На следующий день остановился я метрах в ста от жестяной колоннады. И прежде я иногда задерживался здесь, чтобы взглянуть на общий вид конструкции, потом отправлялся на свое обычное место. Однако на этот раз я сел на песок и стал пристально смотреть на колонны. Пристально - значит, долго. Попытка созерцания. Солнце стояло в зените; тень, отбрасываемая колоннами, была в три-четыре пальца шириной. Всех колонн я не видел. Задние были скрыты стоящими впереди. Другие, учитывая угол зрения, образовывали косую линию. И тут я понял: утро будет особенным. Голова ушла в пустоту, Наверно, я еще не до конца проснулся. Сосредоточился; мой взгляд неподвижен. И вдруг происходит странное: тени начинают расти. Вижу я их движение. Как будто за какие-нибудь десять минут солнце умудрилось проделать свой путь по небосклону и стало клониться к закату. Внезапно тени исчезают, я встаю, уже стемнело. Несколько дней не давал я себе покоя: неужели возможно подобное? В том, что я провел на песке семь-восемь часов кряду, сомнений быть не могло. Но откуда у меня чувство, будто сидел я на пляже не более десяти минут? Каким образом видел я движение тени? Теперь, когда я уже в состоянии по нескольку часов не уставая смотреть на море, я понимаю, что овладел новой мерой времени. Она заключается в изменениях созерцаемой вещи. Рост тени был пока единственно доступной мне переменной величиной. В обычном состоянии не смог бы я заметить ничего подобного. Это ясно. Да, но как объяснить скорость движения тени? Каким образом реальное время, в течение которого происходило удлинение тени, сжалось до десяти минут? Почему время моего созерцания оказалось короче реального? Или было два времени равной длительности: особое состояние, в котором я пребывал, вызвало ощущение десяти минут, хотя в действительности прошло семь-восемь часов.

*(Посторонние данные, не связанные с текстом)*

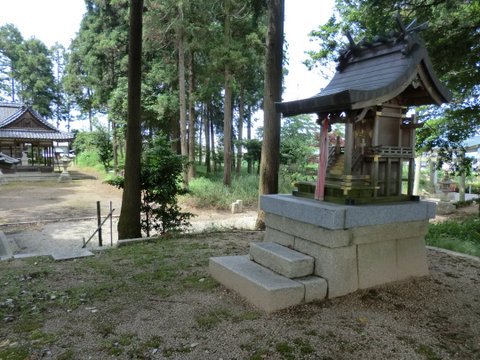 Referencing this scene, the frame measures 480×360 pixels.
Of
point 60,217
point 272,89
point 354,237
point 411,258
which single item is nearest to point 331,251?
point 354,237

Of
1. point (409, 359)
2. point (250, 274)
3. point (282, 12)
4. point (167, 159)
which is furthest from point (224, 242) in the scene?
point (282, 12)

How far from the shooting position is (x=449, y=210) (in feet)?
54.3

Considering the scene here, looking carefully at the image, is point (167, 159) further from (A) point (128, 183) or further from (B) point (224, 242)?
(B) point (224, 242)

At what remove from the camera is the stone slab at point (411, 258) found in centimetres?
425

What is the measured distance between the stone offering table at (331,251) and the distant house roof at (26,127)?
99.4ft

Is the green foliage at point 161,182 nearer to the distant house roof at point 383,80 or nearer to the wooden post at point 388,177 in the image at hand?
the distant house roof at point 383,80

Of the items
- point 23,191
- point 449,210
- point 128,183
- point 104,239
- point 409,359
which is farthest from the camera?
point 23,191

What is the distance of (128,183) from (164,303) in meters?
4.01

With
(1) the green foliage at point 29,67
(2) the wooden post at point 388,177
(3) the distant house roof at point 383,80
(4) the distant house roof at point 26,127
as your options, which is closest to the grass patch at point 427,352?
(2) the wooden post at point 388,177

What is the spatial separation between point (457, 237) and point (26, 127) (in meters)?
32.2

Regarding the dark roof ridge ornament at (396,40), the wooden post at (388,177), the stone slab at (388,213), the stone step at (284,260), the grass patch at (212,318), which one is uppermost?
the dark roof ridge ornament at (396,40)

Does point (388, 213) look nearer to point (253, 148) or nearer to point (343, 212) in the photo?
point (343, 212)

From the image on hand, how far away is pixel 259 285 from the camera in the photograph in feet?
11.5

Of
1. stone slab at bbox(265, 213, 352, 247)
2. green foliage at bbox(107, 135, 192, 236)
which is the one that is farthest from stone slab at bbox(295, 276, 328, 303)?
green foliage at bbox(107, 135, 192, 236) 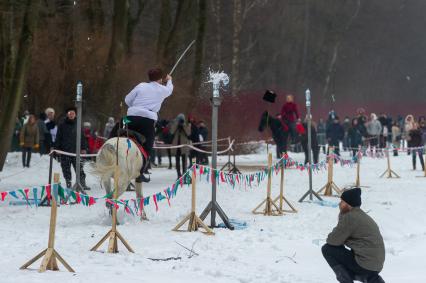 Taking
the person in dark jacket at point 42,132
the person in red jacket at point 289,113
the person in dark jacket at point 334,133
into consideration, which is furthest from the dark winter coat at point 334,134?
the person in dark jacket at point 42,132

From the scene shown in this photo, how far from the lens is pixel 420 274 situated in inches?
367

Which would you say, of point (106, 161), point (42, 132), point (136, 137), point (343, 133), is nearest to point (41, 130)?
point (42, 132)

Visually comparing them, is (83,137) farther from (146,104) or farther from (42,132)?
(42,132)

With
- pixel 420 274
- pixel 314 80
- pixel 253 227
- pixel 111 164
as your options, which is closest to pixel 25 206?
pixel 111 164

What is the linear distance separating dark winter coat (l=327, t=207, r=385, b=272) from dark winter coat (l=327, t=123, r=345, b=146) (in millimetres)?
24708

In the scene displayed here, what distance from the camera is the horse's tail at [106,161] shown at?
11.8 metres

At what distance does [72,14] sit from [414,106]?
3660 centimetres

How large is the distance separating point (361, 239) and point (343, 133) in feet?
84.1

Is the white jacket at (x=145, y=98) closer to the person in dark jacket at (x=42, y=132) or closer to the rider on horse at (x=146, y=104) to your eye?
the rider on horse at (x=146, y=104)

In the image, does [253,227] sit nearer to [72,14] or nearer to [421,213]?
[421,213]

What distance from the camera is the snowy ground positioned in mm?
8648

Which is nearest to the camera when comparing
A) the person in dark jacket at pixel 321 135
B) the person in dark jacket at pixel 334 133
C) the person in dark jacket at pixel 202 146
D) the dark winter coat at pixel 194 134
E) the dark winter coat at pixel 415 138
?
the dark winter coat at pixel 194 134

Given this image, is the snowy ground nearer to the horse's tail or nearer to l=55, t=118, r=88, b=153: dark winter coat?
the horse's tail

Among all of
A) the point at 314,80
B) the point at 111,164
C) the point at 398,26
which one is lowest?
the point at 111,164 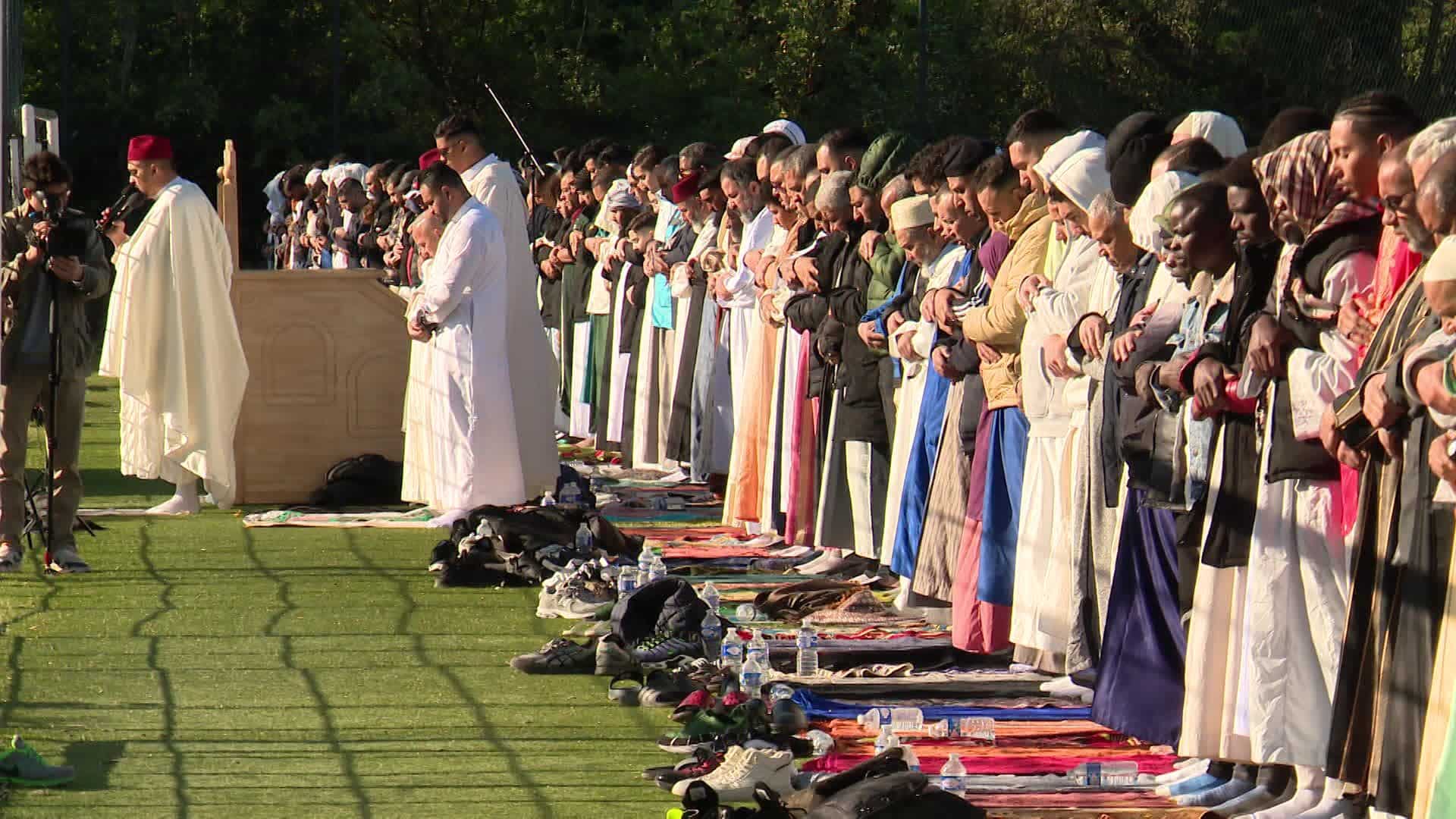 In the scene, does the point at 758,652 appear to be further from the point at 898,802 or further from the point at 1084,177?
the point at 898,802

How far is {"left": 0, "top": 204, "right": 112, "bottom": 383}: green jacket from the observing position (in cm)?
938

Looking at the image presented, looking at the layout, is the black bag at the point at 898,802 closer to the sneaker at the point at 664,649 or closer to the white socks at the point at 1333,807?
the white socks at the point at 1333,807

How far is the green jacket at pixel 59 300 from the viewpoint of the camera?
9.38 m

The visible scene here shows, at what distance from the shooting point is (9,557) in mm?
9391

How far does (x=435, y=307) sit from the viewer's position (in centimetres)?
1038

Панцирь для соловья изображен на рисунке.
Состоит он из железного корпуса A, повторяющего очертания птичьего тельца; головка - B, хвостик - C. Каждая часть составлена из двух половинок - верхней и нижней, соединенных шарнирами для удобства открывания и закрывания. Крышечка D, защищающая темя соловья, крепится также на шарнире, чтобы можно было открыть или закрыть ее по мере надобности. В ней просверлены дырочки для дыхания. Деталь C, в которую убирается хвостик, сантиметра три-четыре длиной (если коротка, то перышки на хвосте слегка подрезаются). В походных условиях птица помещается в футляр; его в свою очередь можно положить в карман. По прибытии на место, чтобы поставить соловья на стол или подоконник, необходимо присоединить к футляру деталь E - подставку, открыть B и полюбоваться птахой, если на то есть охота, или дать ей какую-нибудь мошку и чуть-чуть воды. Во время переезда на новое место отсоединить E, спрятать соловья в карман или прицепить его к груди с помощью предусмотренного на этот случай металлического колечка на внешней стороне футляра; колечко обозначено на рисунке буквой H. При желании - Угоне, кажется, поступал именно таким образом - можно путешествовать, держа соловья в руке; для этой цели тоже используется кольцо H. Так, с соловьем в руке, рыцарь и преодолел лабиринт. Закованные в броню, они проползли по нему в окружении коленопреклоненной толпы проституток, убийц, грешников и прокаженных.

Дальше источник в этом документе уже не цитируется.